Source information –
((
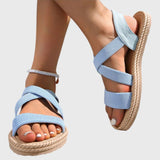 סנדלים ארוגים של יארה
))
((
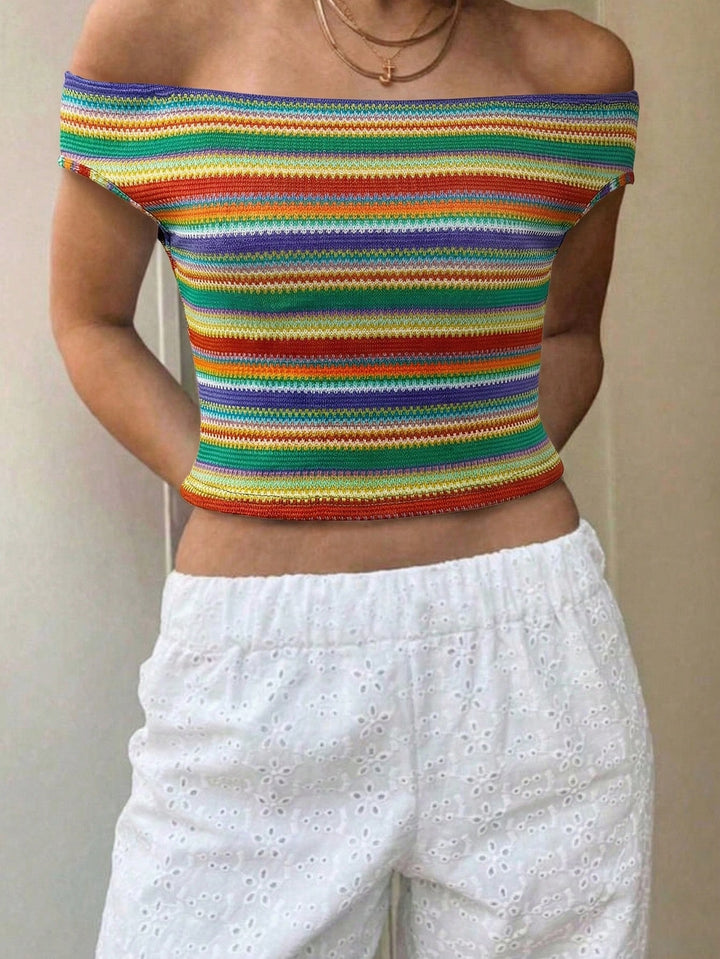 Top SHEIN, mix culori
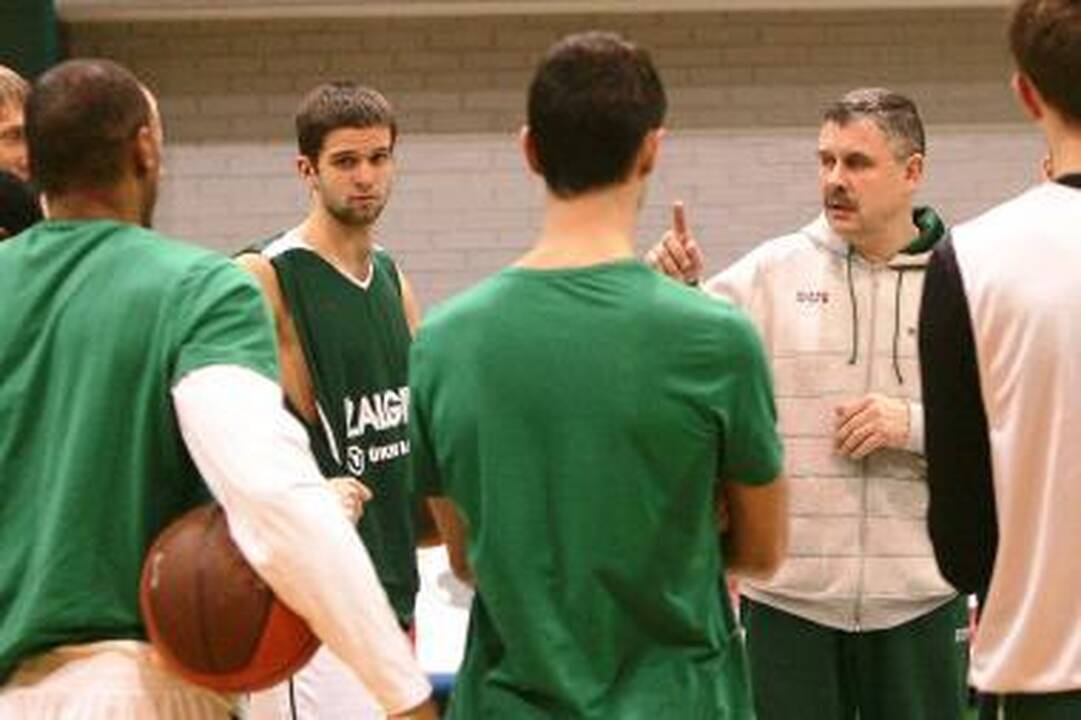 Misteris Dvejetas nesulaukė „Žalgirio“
))
Exercise –
Could you write out exactly the lines of the data above that run from the one holding "Top SHEIN, mix culori" to the one holding "Misteris Dvejetas nesulaukė", with both ends in and all pictures out?

Response to the task –
 Top SHEIN, mix culori
 Misteris Dvejetas nesulaukė „Žalgirio“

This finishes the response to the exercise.